INSTRUCTIONS TO FOLLOW -
When you reach the line in the listing below that contains "Ins Style Milk", begin returning lines exactly as written, and stop after the line that contains "Insecure Goose: but". Return no other lines.

+ + +

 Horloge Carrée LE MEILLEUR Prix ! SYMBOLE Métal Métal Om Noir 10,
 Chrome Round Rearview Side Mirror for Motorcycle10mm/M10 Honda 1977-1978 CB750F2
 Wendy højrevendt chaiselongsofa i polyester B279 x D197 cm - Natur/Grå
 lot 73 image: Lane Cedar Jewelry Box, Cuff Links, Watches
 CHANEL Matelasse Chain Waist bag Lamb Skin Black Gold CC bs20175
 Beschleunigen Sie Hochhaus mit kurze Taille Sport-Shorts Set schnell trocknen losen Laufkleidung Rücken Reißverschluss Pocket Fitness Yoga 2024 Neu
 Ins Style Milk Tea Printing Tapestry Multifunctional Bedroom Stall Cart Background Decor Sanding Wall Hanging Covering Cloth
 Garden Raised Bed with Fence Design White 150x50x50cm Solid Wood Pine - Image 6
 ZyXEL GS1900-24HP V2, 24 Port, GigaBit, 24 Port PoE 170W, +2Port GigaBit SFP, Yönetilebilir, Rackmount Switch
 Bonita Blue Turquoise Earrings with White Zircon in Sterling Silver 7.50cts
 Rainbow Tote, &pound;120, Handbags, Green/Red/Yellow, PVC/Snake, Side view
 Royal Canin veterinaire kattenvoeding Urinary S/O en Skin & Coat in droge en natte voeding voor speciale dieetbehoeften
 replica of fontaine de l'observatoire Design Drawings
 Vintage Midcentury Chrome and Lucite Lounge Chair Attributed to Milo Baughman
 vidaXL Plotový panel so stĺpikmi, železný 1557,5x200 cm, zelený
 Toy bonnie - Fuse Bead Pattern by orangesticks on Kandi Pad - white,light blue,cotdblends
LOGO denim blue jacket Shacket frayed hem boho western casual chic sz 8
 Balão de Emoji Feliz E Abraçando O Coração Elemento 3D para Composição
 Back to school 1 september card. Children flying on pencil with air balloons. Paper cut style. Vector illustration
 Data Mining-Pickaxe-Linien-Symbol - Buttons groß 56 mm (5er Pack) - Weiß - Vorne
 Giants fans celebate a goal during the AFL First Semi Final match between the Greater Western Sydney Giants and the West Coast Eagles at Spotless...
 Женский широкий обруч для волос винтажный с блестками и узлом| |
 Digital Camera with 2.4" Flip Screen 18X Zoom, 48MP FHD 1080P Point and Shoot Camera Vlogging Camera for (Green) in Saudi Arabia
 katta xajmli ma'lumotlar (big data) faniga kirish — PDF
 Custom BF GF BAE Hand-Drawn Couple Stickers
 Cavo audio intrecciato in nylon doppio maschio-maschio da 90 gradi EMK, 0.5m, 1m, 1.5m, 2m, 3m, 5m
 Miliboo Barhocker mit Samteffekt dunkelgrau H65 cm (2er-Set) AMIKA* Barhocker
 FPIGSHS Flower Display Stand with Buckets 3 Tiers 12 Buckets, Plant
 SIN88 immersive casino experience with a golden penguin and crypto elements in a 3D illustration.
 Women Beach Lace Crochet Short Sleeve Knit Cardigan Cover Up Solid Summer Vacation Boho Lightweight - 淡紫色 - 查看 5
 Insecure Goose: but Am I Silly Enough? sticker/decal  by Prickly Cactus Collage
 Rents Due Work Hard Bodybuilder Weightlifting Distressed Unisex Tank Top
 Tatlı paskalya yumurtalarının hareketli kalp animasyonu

+ + +

YOUR RESPONSE -
 Ins Style Milk Tea Printing Tapestry Multifunctional Bedroom Stall Cart Background Decor Sanding Wall Hanging Covering Cloth
 Garden Raised Bed with Fence Design White 150x50x50cm Solid Wood Pine - Image 6
 ZyXEL GS1900-24HP V2, 24 Port, GigaBit, 24 Port PoE 170W, +2Port GigaBit SFP, Yönetilebilir, Rackmount Switch
 Bonita Blue Turquoise Earrings with White Zircon in Sterling Silver 7.50cts
 Rainbow Tote, &pound;120, Handbags, Green/Red/Yellow, PVC/Snake, Side view
 Royal Canin veterinaire kattenvoeding Urinary S/O en Skin & Coat in droge en natte voeding voor speciale dieetbehoeften
 replica of fontaine de l'observatoire Design Drawings
 Vintage Midcentury Chrome and Lucite Lounge Chair Attributed to Milo Baughman
 vidaXL Plotový panel so stĺpikmi, železný 1557,5x200 cm, zelený
 Toy bonnie - Fuse Bead Pattern by orangesticks on Kandi Pad - white,light blue,cotdblends
LOGO denim blue jacket Shacket frayed hem boho western casual chic sz 8
 Balão de Emoji Feliz E Abraçando O Coração Elemento 3D para Composição
 Back to school 1 september card. Children flying on pencil with air balloons. Paper cut style. Vector illustration
 Data Mining-Pickaxe-Linien-Symbol - Buttons groß 56 mm (5er Pack) - Weiß - Vorne
 Giants fans celebate a goal during the AFL First Semi Final match between the Greater Western Sydney Giants and the West Coast Eagles at Spotless...
 Женский широкий обруч для волос винтажный с блестками и узлом| |
 Digital Camera with 2.4" Flip Screen 18X Zoom, 48MP FHD 1080P Point and Shoot Camera Vlogging Camera for (Green) in Saudi Arabia
 katta xajmli ma'lumotlar (big data) faniga kirish — PDF
 Custom BF GF BAE Hand-Drawn Couple Stickers
 Cavo audio intrecciato in nylon doppio maschio-maschio da 90 gradi EMK, 0.5m, 1m, 1.5m, 2m, 3m, 5m
 Miliboo Barhocker mit Samteffekt dunkelgrau H65 cm (2er-Set) AMIKA* Barhocker
 FPIGSHS Flower Display Stand with Buckets 3 Tiers 12 Buckets, Plant
 SIN88 immersive casino experience with a golden penguin and crypto elements in a 3D illustration.
 Women Beach Lace Crochet Short Sleeve Knit Cardigan Cover Up Solid Summer Vacation Boho Lightweight - 淡紫色 - 查看 5
 Insecure Goose: but Am I Silly Enough? sticker/decal  by Prickly Cactus Collage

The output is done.